Decentralized Conjugate Gradient and Memoryless BFGS Methods

TL;DR

This paper introduces two new decentralized optimization algorithms, NDCG and DMBFGS, that improve convergence and efficiency for nonconvex and strongly convex problems using gradient tracking and memoryless BFGS techniques.

Contribution

The paper presents novel decentralized conjugate gradient and memoryless BFGS methods with proven convergence and efficiency improvements for smooth decentralized optimization.

Findings

NDCG achieves global convergence with constant stepsize for nonconvex problems.

DMBFGS attains global and linear convergence for strongly convex problems.

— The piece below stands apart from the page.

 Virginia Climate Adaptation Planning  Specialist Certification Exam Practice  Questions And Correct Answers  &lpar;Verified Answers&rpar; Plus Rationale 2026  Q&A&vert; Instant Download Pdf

Numerical results demonstrate superior efficiency over existing methods.

Abstract

This paper proposes a new decentralized conjugate gradient (NDCG) method and a decentralized memoryless BFGS (DMBFGS) method for the nonconvex and strongly convex decentralized optimization problem, respectively, of minimizing a finite sum of continuously differentiable functions over a fixed-connected undirected network. Gradient tracking techniques are applied in these two methods to enhance their convergence properties and the numerical stability. In particular, we show global convergence of NDCG with constant stepsize for general nonconvex smooth decentralized optimization. Our new DMBFGS method uses a scaled memoryless BFGS technique and only requires gradient information to approximate second-order information of the component functions in the objective. We also establish global convergence and linear convergence rate of DMBFGS with constant stepsize for strongly convex smooth decentralized optimization. Our numerical results show that NDCG and DMBFGS are very efficient in terms of both iteration and communication cost compared with other state-of-the-art methods for solving smooth decentralized optimization.